Curiously, the author gives us less background and texture on Dean’s long association with Capitol than with Diamond and Apollo, relying mostly on a parade of recording dates and chart positions. The same is true of his years with Reprise (owned by Frank Sinatra), and his later one‑off’s for Warner Brothers and MCA. One gets the impression that since nothing much of musical interest came out of the sessions, Tosches is not very interested in what went into them. We do, however, see Dean’s recording in context. As big as his record hits were in the 1950s and early 1960s, recording was always a secondary part of his career; this was a TV and movie star dabbling in recording, not vice versa.
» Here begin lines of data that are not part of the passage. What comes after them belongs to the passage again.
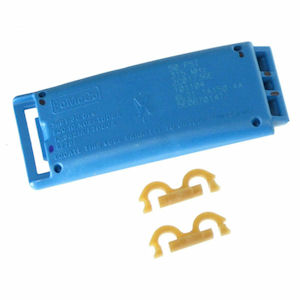 Motorcraft TPMS3 Tire Sensor for 2007-2009 Ford Mustang
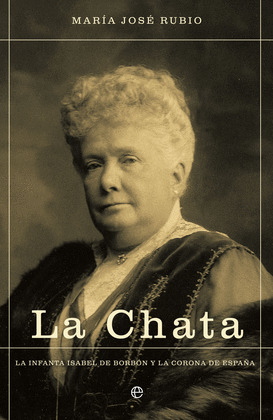 CHATA, LA (II PREMIO INFANTA ISABEL DE BORBÓN ESPAÑA-ARGENTINA)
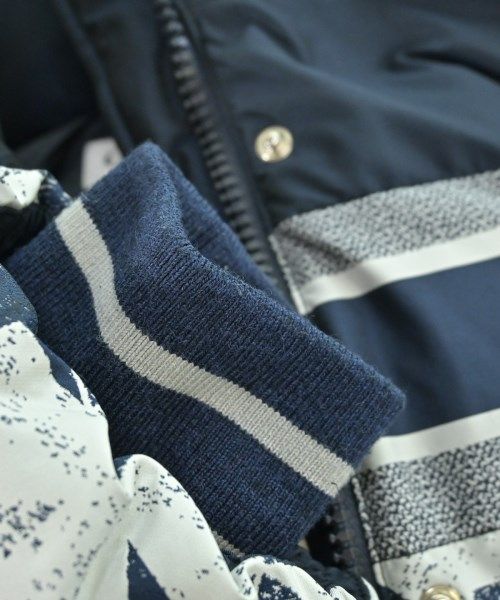 Christian Dior Down Jacket Down Vest Women's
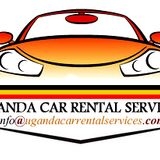 Uganda Car Rental Services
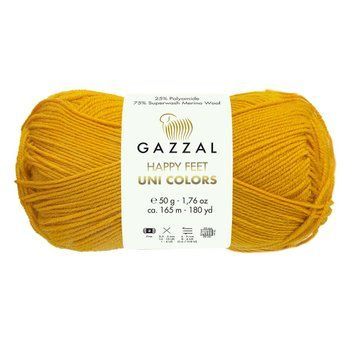 Happy Feet Uni Colors 3559 3559 фото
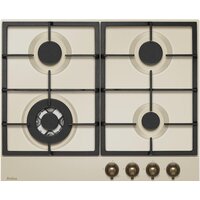 Amica PGA6101APCI Retro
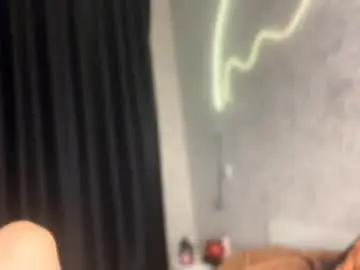 Chaturbate Best Webcam of pinkncrazy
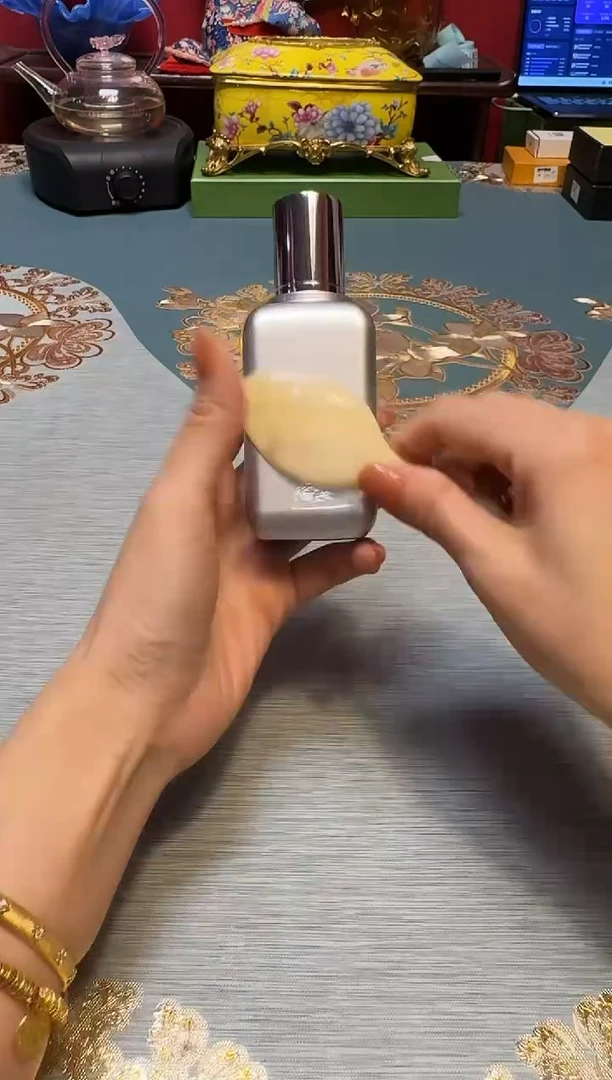 弟杯杯杯杯杯杯杯杯杯杯杯杯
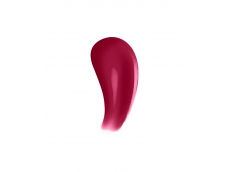 Zoom στο ERRE DUE VINYL LIP LACQUER No. 317- MULBERRY DROP 5ml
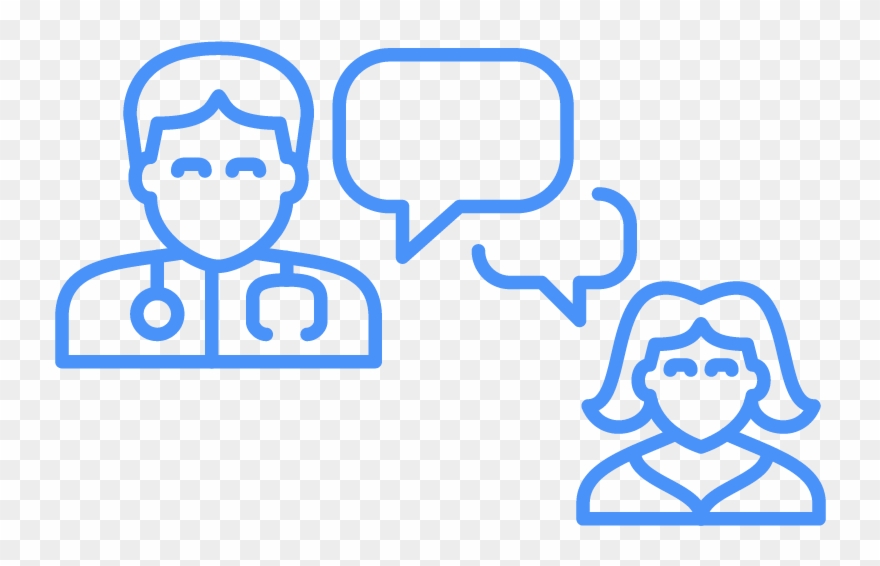 Background - Physician Clipart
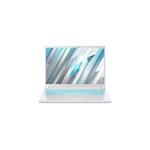 Acer Nitro V 14/ANV14-62-R8LK/AI5-340/14,5"/WUXGA/16GB/1TB/RTX 5050/W11H/White/2R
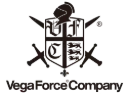 VFC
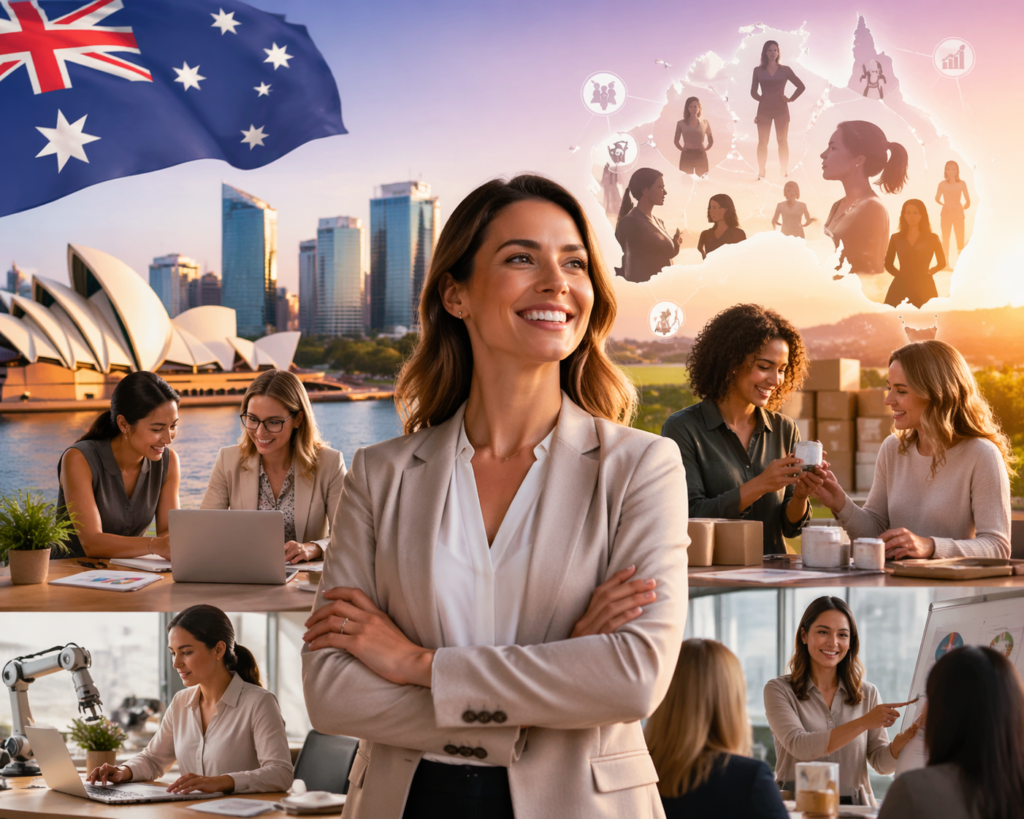 ChatGPT Image 21 Apr 2026, 15.24.23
The main thrust of the book is Dean’s larger career on TV and in films. Martin and Lewis (“the organ grinder and the monkey” as Tosches refers to them) was not a team made in heaven. They hated each other’s guts, and it is a wonder they stayed together as long as they did. At the break‑up in 1956 the smart money was on Lewis, who had garnered most of the favorable reviews for his manic comedy. Initially he was the more successful, with hit films and even a freak record hit in 1956 belting out Al Jolson’s “Rock‑a‑bye Your Baby With a Dixie Melody.” (I always wondered who bought all those 45’s; his family? I never saw a copy in any teenager’s collection.) But it was Dean who emerged as the bigger star in the 1960s and 1970s, propelled by surprisingly good dramatic performances in “The Young Lions,” “Some Came Running” and “Rio Bravo,” and his smash hit TV show (1965). There is plenty here on Dean’s career moves, his marriages, “The Rat Pack” and his connections with the mob (he sang for them, but never joined). He famous reunion with Lewis on a Muscular Dystrophy telethon in 1976 was, it seems, a sham. He still hates his guts.
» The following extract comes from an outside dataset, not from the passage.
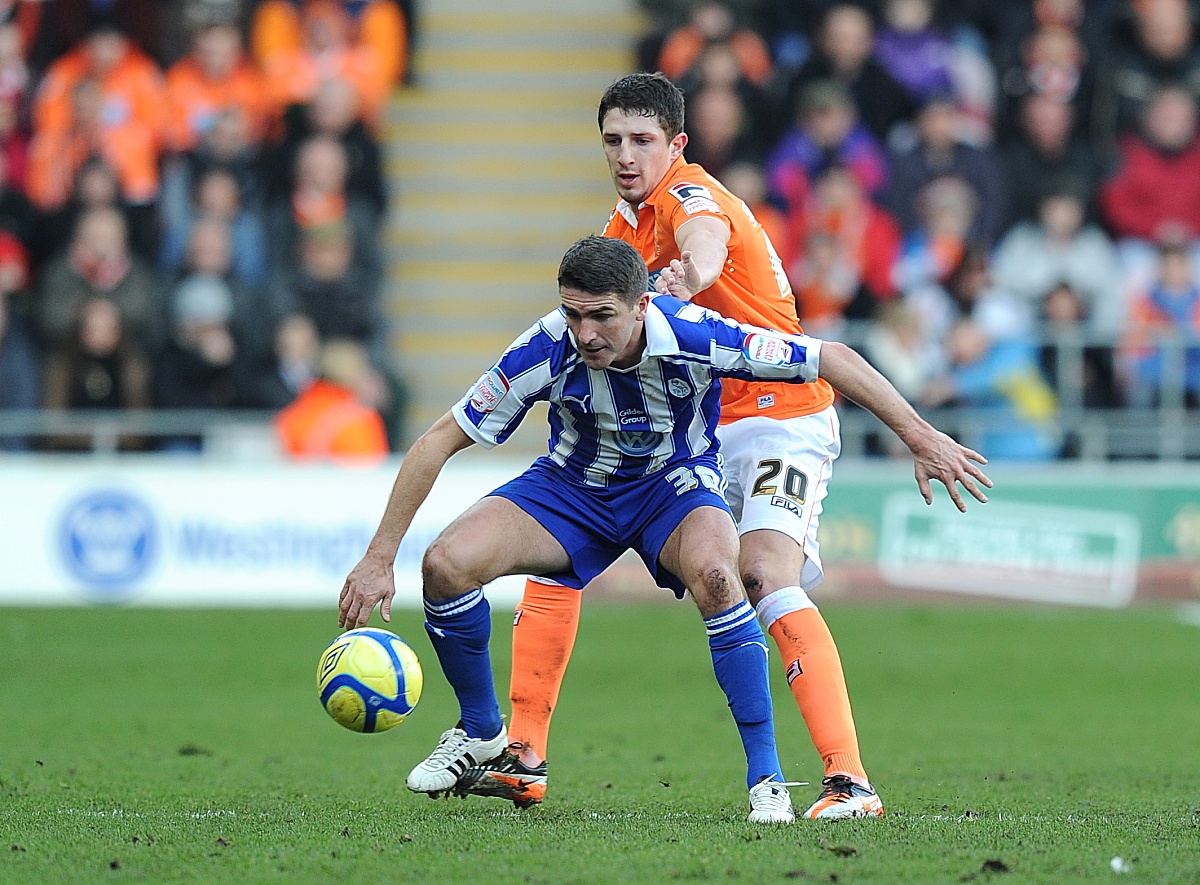 九游体育在线-包含谢菲联客场逆转富勒姆，取得胜利的词条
Ultimately, this is not about an artist, but about one type of modern celebrity: undeniably talented, a friendly exterior, but self absorbed and absolutely inscrutable (or perhaps empty?) inside. A recurring theme of the book is that its subject revealed nothing of himself, even to those closest to him. Even his wives and his son never really knew him.
The book is immaculately sourced (the footnotes are in back, where they it won’t get in the way of salability), and those interested in Martin’s recording career will be especially pleased with the thorough, 24‑page discography, complete with recording dates and matrix numbers. There is also a filmography and index.
Don’t be fooled by the commercial packaging. There is some excellent, original research here into a major popular recording artist of the 1950s and 1960s, who has not been adequately covered anywhere else. Dino was, in fact, the winner of the 1993 ARSC Award for Excellence in the field of General Popular Music.